-- Opening Marker --

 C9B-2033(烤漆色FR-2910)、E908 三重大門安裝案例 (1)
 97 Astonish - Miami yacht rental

-- Closing Marker --
-- Opening Marker --

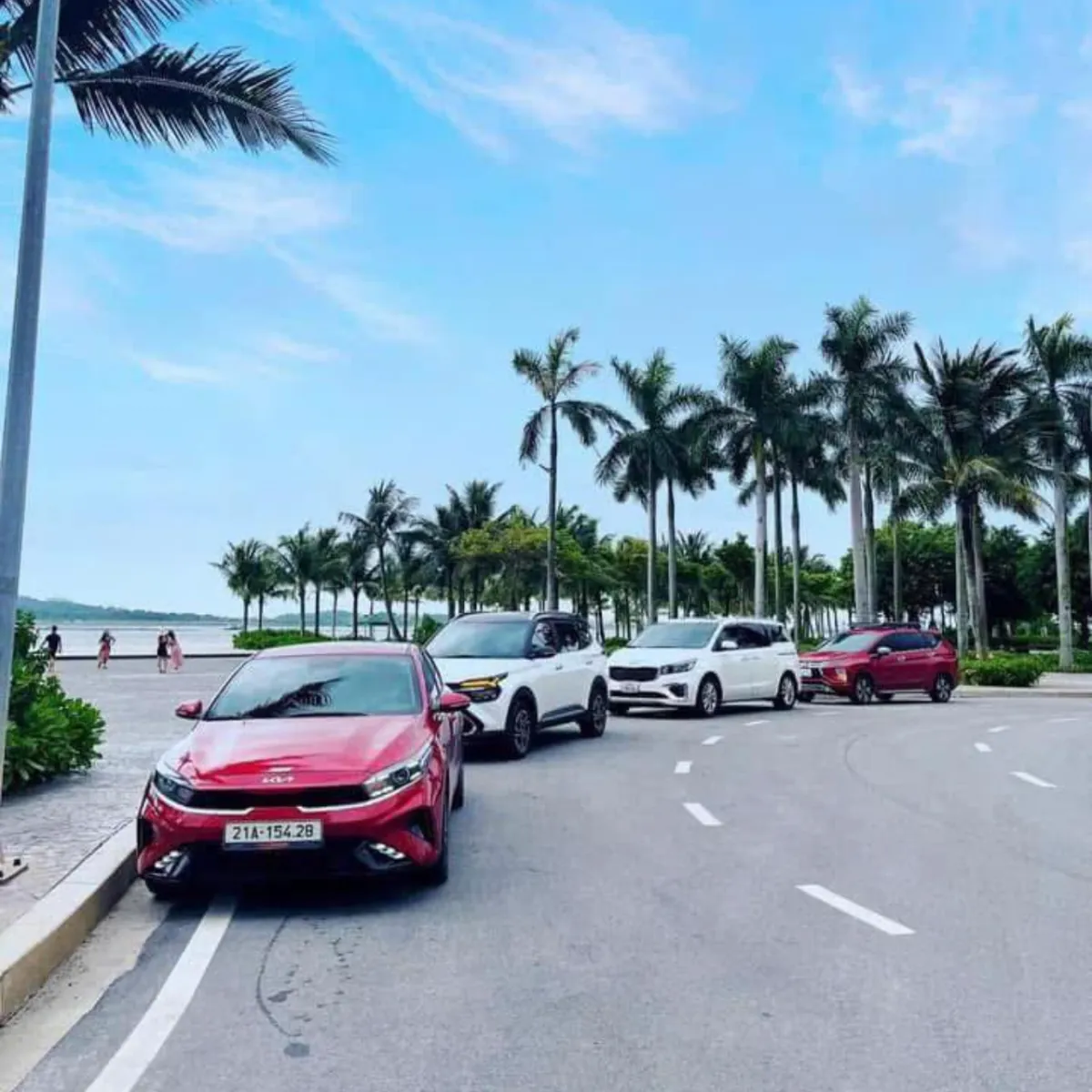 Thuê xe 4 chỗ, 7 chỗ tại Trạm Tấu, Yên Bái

-- Closing Marker --

__ACTION ITEM__: Among the entries above, copy exactly only the lines starting with the one containing "C9B-2033(烤漆色FR-2910)、E908 三重大門安裝案例 (1)" and going through the one containing "97 Astonish - Miami yacht rental", both ends included.

__ANSWER BOX__:
 C9B-2033(烤漆色FR-2910)、E908 三重大門安裝案例 (1)
 97 Astonish - Miami yacht rental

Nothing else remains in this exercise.